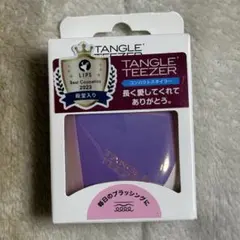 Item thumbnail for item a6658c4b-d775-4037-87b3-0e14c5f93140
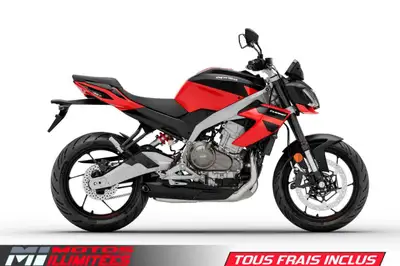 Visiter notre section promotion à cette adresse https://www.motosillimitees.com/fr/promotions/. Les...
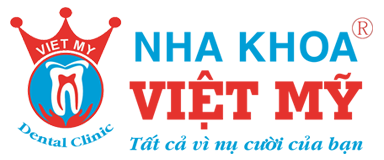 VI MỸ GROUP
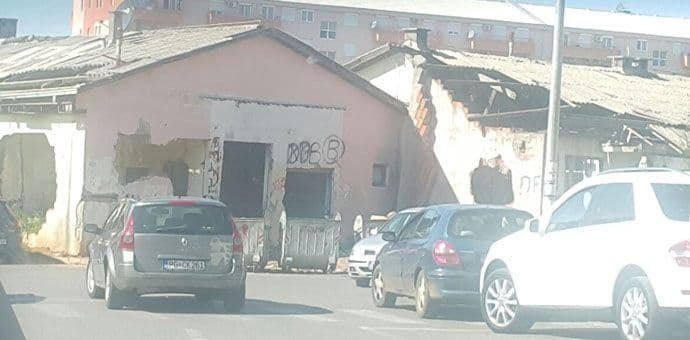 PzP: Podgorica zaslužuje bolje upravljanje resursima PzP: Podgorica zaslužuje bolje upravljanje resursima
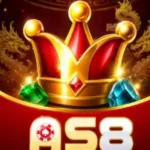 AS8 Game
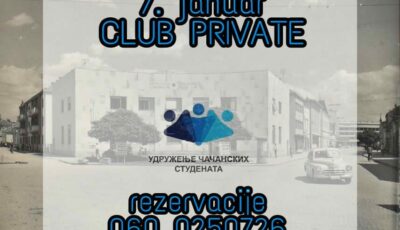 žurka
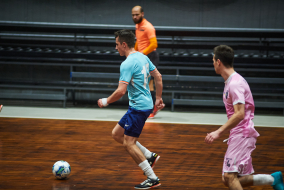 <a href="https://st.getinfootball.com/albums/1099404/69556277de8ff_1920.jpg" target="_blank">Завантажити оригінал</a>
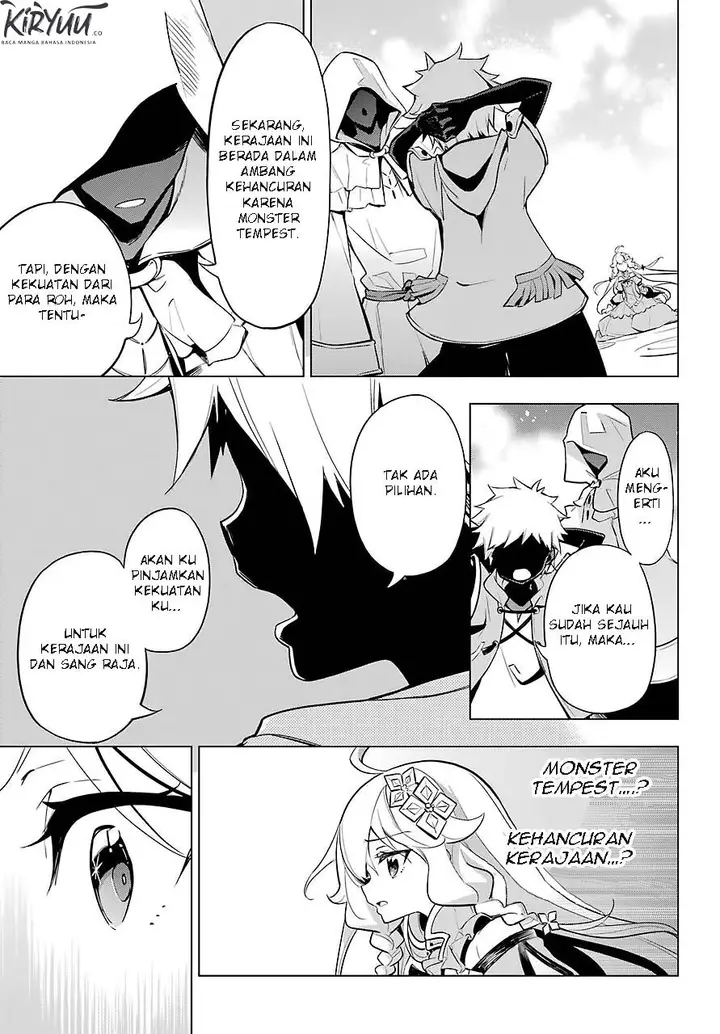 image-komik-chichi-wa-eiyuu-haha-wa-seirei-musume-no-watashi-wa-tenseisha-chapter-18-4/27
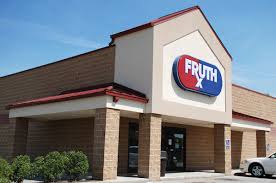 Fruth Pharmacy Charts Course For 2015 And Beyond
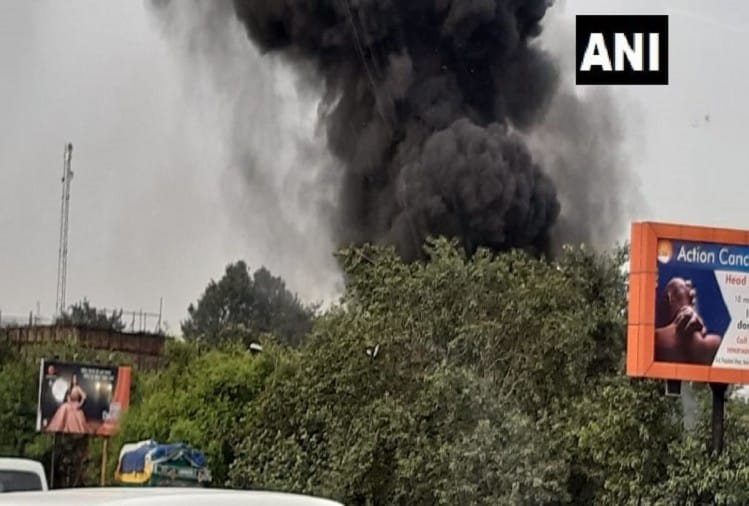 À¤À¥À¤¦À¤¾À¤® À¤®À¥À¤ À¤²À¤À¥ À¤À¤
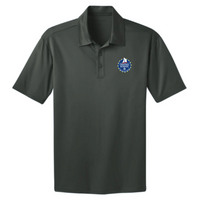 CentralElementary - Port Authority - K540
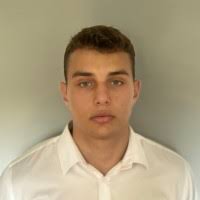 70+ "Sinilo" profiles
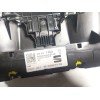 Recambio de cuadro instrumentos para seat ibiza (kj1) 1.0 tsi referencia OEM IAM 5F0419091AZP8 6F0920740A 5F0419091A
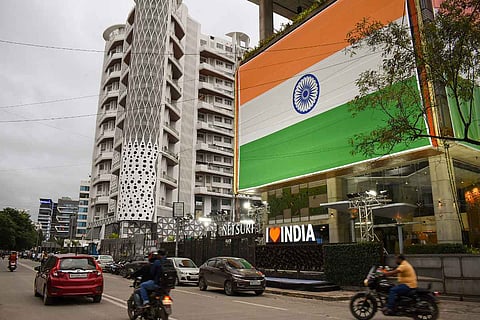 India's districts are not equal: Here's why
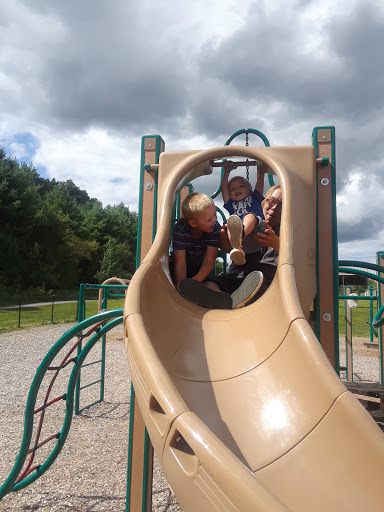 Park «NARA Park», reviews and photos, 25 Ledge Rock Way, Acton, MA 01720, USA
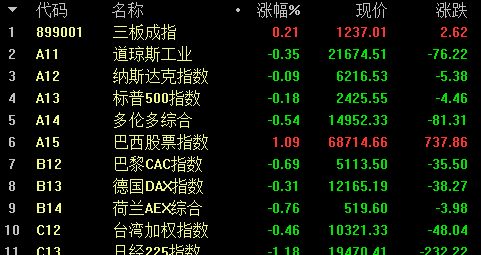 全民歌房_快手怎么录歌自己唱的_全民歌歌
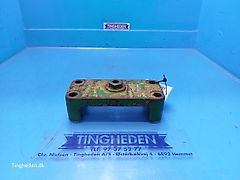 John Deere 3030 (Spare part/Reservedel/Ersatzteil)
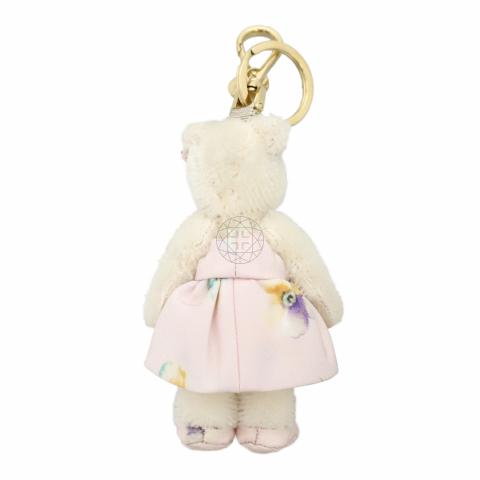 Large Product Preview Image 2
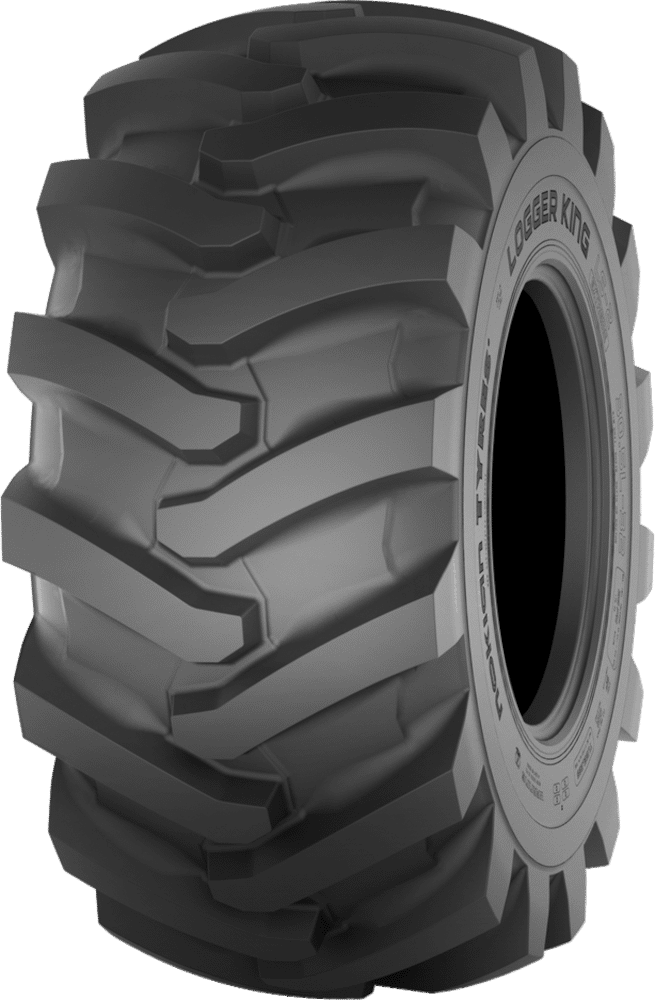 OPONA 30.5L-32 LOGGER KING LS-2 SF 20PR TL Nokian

---------------

*PROBLEM*
All entries should be reproduced exactly; no picture belongs in the result.

*ANSWER FOR THE TASK*
 Item thumbnail for item a6658c4b-d775-4037-87b3-0e14c5f93140
 Visiter notre section promotion à cette adresse https://www.motosillimitees.com/fr/promotions/. Les...
 VI MỸ GROUP
 PzP: Podgorica zaslužuje bolje upravljanje resursima PzP: Podgorica zaslužuje bolje upravljanje resursima
 AS8 Game
 žurka
 <a href="https://st.getinfootball.com/albums/1099404/69556277de8ff_1920.jpg" target="_blank">Завантажити оригінал</a>
 image-komik-chichi-wa-eiyuu-haha-wa-seirei-musume-no-watashi-wa-tenseisha-chapter-18-4/27
 Fruth Pharmacy Charts Course For 2015 And Beyond
 À¤À¥À¤¦À¤¾À¤® À¤®À¥À¤ À¤²À¤À¥ À¤À¤
 CentralElementary - Port Authority - K540
 70+ "Sinilo" profiles
 Recambio de cuadro instrumentos para seat ibiza (kj1) 1.0 tsi referencia OEM IAM 5F0419091AZP8 6F0920740A 5F0419091A
 India's districts are not equal: Here's why
 Park «NARA Park», reviews and photos, 25 Ledge Rock Way, Acton, MA 01720, USA
 全民歌房_快手怎么录歌自己唱的_全民歌歌
 John Deere 3030 (Spare part/Reservedel/Ersatzteil)
 Large Product Preview Image 2
 OPONA 30.5L-32 LOGGER KING LS-2 SF 20PR TL Nokian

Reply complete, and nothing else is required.